Prefere falar de um estado de atomização da verdade, em vez de usar o difundido termo pós-verdade para abordar o regime atual da verdade?

A noção de pós-verdade, assim como a de fake news e info box, impôs-se em um momento de acentuada confusão. Foram parte de uma narrativa do pânico provocada pela perda de referências e a multiplicação das redes de informação. Hoje, cada indivíduo procura construir sua verdade a partir da própria experiência, marcada por uma memória coletiva de injustiças, enganos e mal-estares.

Os dispositivos da expressividade dão a impressão de que não é mais possível ser enganados ao nos permitir opinar, mas, ao mesmo tempo, instalaram a primazia da primeira pessoa e a tirania individualista. Com os laços sociais e de interdependência fragilizados, surgem diferentes antagonismos particulares marcados por afetos como a ira e o ressentimento que, de formas mais ou menos violentas, procuram fazer prevalecer a sua verdade.

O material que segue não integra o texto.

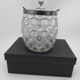 Biscuit, ice cube or candy pot, made of crystal and metal.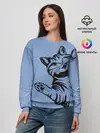 Женский свитшот / Улыбающийся кот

A questão da responsabilidade coletiva é o desafio em uma época marcada pelo furor da imposição individual frente aos outros, a exposição, a indiferença, o discurso de ódio diante de tantos sofrimentos, a assistência à vida por meio de sistemas e a desconfiança. Devemos voltar à questão política, cuidar da biosfera, construir laços de solidariedade, ir ao encontro de todos os sentidos e construir um princípio de esperança que enfrente a pulsão destrutiva.